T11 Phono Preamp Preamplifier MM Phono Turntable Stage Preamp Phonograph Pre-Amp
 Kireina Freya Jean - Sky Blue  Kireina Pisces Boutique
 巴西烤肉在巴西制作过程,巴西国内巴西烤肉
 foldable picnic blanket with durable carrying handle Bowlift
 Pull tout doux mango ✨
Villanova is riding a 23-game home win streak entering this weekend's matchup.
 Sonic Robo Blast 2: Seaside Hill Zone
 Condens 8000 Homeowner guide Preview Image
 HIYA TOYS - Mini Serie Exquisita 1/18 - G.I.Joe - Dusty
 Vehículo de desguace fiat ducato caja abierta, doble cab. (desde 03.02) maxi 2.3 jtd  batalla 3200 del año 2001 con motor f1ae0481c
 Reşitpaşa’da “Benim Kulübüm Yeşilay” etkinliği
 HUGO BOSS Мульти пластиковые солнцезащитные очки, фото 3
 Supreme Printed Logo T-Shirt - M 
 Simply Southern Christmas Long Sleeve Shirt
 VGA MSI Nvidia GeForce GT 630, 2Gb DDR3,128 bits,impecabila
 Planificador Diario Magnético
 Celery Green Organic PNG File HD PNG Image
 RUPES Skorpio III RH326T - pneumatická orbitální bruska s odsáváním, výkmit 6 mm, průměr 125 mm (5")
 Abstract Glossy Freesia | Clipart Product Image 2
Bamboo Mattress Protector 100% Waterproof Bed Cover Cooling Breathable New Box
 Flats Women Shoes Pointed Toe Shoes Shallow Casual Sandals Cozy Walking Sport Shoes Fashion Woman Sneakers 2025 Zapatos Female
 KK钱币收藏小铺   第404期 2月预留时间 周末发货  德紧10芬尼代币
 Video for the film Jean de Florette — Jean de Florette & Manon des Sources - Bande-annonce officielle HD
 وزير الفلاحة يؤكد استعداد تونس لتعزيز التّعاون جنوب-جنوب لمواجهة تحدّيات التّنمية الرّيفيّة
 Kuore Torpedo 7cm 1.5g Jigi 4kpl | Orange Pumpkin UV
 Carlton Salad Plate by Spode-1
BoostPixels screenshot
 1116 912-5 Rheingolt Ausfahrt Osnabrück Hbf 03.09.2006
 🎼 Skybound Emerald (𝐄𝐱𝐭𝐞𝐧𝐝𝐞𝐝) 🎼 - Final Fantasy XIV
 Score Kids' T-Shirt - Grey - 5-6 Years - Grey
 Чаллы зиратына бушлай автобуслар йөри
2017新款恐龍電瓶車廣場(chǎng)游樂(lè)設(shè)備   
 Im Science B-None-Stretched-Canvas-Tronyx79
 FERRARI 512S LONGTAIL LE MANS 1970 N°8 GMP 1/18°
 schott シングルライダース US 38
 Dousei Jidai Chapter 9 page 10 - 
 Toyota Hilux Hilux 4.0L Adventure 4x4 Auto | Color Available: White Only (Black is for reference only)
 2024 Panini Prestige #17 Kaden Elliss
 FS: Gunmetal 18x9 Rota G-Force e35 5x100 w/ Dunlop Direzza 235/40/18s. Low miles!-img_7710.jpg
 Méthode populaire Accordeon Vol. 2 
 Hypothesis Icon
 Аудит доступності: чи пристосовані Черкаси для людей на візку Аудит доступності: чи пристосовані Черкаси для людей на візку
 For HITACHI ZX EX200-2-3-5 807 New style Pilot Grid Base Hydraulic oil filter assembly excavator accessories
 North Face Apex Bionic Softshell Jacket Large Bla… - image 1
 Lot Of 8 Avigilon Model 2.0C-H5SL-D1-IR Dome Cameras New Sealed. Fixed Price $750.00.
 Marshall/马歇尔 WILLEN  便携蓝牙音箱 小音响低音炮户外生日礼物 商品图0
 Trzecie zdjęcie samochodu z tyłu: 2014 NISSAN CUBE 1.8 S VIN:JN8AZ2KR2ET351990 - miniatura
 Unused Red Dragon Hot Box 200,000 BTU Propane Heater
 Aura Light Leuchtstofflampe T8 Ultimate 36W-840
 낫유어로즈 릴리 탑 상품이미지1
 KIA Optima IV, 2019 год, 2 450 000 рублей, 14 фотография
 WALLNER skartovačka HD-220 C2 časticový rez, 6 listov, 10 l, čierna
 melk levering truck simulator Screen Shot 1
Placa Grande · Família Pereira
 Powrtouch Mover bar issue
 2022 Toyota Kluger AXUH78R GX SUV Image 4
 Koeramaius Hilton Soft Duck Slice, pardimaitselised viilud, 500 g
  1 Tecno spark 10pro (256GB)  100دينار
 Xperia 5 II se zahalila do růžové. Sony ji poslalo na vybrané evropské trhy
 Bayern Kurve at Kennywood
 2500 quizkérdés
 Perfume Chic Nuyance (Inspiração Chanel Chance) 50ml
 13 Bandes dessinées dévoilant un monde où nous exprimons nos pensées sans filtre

------

▶ [Your assignment] When a line of the records holds the word "Shirt", copy that line.

▶ [Exercise output]
 Supreme Printed Logo T-Shirt - M 
 Simply Southern Christmas Long Sleeve Shirt
 Score Kids' T-Shirt - Grey - 5-6 Years - Grey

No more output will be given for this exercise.